Entender o que são ultraprocessados e por que eles são tão ruins é o primeiro passo para pensar em uma mudança. O termo se popularizou após 2009, com a criação da classificação nova, desenvolvida por pesquisadores brasileiros. Ela agrupa os alimentos pelo grau do quanto eles são mais ou menos naturais. Quanto menos “comida de verdade”, mais processado é o alimento.
Segundo Monteiro, o objetivo da classificação é fornecer uma lente clara para compreender o impacto da indústria alimentícia no padrão alimentar. “O processamento deixou de ser um meio de preservar alimentos e passou a ser a criação de substitutos — feitos de ingredientes baratos e aditivos — que simulam comidas caseiras”, diz.
Essa substituição tem consequências diretas. Evidências reunidas pela série confirmaram o que todo nutricionista sério já prega há vários anos: uma revisão sistemática de 104 estudos de longo prazo revelou que 92 deles apontaram risco aumentado de doenças crônicas, como obesidade, diabetes tipo 2, câncer colorretal, doenças cardiovasculares e problemas inflamatórios.
Uma “praga” mundial
A tendência observada no Brasil também se repete em outros países. Dos 93 analisados, apenas o Reino Unido não apresentou crescimento: o consumo permanece estável em cerca de 50% da dieta. Os Estados Unidos lideram o ranking, com mais de 60% das calorias provenientes desses produtos. Em países como Espanha, Coreia do Sul, China e Argentina, o avanço foi acelerado: em três décadas, alguns praticamente triplicaram o consumo.
Mesmo em regiões com renda alta, as diferenças culturais modulam esse impacto. O Canadá, por exemplo, chega a 40%, enquanto Itália e Grécia se mantêm abaixo de 25%, preservando tradições culinárias que priorizam alimentos frescos.
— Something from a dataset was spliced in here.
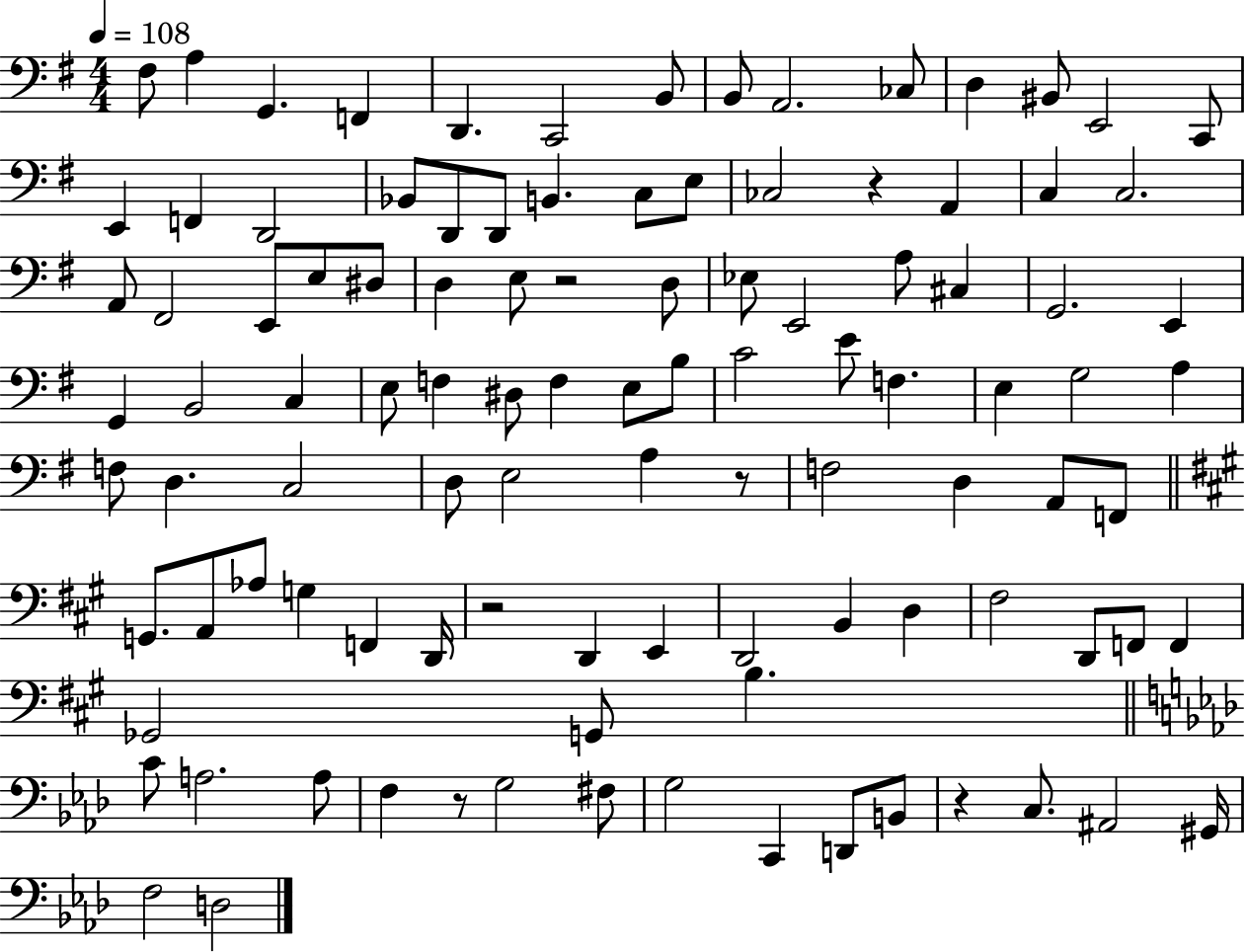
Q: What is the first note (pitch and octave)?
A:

A série lembra que esse tipo de produto começou a ganhar espaço em países ricos após a Segunda Guerra Mundial, impulsionado por inovações industriais. Mas foi a globalização, a partir dos anos 80, que consolidou os ultraprocessados como um fenômeno mundial. No mesmo período, cresceram também as taxas de obesidade e doenças relacionadas à alimentação. Não é coincidência. Vale lembrar que as crianças são um grupo de risco, já que um volume grande desse tipo de alimento é pensado para atrair o público infantil.
Soluções
Para enfrentar o problema, os pesquisadores defendem medidas coordenadas entre governos, sociedade e indústria. Entre as recomendações, está a rotulagem clara de aditivos como corantes e aromatizantes, e a identificação explícita de excesso de gordura, açúcar ou sal, que se tornou lei no Brasil em 2023.
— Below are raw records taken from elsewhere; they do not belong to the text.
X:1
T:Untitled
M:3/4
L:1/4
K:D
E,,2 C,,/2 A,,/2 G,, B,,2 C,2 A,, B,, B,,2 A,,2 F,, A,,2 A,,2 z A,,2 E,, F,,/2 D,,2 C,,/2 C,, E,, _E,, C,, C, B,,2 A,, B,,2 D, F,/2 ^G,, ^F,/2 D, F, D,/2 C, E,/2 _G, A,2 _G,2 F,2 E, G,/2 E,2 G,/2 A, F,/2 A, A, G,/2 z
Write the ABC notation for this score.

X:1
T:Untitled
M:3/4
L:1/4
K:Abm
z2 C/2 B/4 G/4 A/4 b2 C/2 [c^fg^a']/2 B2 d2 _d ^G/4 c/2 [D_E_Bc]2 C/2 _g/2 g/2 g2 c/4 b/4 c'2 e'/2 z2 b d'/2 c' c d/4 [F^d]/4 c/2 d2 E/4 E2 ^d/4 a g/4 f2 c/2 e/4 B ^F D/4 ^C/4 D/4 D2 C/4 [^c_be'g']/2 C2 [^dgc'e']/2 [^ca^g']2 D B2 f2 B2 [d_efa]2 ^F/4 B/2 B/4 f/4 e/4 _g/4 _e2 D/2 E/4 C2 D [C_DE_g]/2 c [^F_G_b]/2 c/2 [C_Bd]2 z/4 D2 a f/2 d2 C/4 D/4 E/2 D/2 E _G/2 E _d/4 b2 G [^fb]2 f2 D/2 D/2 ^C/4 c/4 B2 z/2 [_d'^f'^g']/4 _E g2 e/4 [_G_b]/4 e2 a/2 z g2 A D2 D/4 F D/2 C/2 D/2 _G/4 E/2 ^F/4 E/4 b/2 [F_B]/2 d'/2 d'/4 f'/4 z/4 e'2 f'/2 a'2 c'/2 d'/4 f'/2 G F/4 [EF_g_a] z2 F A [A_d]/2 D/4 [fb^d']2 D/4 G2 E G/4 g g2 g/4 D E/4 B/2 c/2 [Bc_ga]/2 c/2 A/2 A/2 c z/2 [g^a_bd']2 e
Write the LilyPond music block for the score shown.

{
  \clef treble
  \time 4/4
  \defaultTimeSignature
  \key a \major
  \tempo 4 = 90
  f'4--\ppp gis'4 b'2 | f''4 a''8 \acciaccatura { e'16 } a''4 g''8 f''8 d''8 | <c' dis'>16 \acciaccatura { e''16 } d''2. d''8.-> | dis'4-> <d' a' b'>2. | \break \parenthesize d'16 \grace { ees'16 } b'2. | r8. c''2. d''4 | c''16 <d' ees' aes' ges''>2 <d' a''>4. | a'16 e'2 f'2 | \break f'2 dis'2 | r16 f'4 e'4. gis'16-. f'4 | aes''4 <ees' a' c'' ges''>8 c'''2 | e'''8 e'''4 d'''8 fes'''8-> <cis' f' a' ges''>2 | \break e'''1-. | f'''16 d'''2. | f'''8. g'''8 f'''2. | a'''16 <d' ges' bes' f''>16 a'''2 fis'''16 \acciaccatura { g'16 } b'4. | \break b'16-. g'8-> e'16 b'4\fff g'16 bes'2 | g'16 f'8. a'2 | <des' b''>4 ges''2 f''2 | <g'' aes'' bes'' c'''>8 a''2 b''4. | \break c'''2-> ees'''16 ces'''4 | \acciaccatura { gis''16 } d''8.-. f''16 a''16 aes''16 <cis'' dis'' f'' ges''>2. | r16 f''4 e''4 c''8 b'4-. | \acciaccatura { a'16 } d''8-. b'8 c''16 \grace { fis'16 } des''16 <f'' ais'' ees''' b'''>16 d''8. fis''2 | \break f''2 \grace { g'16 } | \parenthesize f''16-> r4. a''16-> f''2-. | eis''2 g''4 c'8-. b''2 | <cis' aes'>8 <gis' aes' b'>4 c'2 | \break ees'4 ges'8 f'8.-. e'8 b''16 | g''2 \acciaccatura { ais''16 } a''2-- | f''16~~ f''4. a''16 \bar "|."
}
Outra proposta é restringir a presença desses produtos em instituições públicas, como escolas e hospitais, área na qual o Brasil é citado como exemplo por causa do Programa Nacional de Alimentação Escolar (PNAE), que já reduz a oferta de ultraprocessados e exige que 90% dos alimentos servidos sejam frescos ou minimamente processados a partir de 2025.
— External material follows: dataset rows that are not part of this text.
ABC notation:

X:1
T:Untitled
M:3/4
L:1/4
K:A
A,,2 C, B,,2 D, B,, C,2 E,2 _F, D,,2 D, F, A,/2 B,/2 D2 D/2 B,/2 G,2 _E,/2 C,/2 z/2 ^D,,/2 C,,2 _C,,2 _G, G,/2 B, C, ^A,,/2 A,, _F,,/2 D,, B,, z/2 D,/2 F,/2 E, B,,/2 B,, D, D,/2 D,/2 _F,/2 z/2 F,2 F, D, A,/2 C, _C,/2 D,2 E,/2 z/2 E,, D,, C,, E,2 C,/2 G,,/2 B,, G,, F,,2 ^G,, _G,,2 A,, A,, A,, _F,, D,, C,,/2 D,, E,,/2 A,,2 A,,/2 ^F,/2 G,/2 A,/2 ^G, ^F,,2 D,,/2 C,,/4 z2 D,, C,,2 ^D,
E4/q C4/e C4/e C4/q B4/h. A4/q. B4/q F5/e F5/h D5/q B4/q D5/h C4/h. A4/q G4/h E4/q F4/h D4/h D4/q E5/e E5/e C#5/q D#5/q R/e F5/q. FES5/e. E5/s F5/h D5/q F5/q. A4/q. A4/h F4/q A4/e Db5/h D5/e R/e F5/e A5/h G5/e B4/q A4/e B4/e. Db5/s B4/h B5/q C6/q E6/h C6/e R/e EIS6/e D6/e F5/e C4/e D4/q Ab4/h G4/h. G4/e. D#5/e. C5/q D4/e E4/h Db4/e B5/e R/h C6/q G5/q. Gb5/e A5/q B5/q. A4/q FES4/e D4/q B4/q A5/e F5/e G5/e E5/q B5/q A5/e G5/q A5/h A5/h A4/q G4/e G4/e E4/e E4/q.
As ações sugeridas incluem também limites mais rígidos à publicidade infantil e políticas para ampliar o acesso a alimentos in natura, especialmente entre famílias de baixa renda. Uma das alternativas estudadas é a tributação de determinados ultraprocessados para financiar programas de distribuição de alimentos frescos.
Por fim, os cientistas enfatizam que a responsabilidade não pode ser atribuída exclusivamente ao indivíduo. Para eles, o cenário atual é resultado do poder econômico das grandes corporações alimentícias, que movimentam cerca de 1,9 trilhão de dólares por ano. Esse domínio, afirmam, influencia hábitos de consumo, regulações e até a cultura alimentar.
“O conjunto das evidências mostra que substituir a comida de verdade por ultraprocessados está no centro do aumento de diversas doenças crônicas”, concluem os autores. Segundo eles, restaurar dietas baseadas em alimentos integrais e preparações culinárias “já está atrasado” e deve orientar as políticas de saúde pública daqui para frente.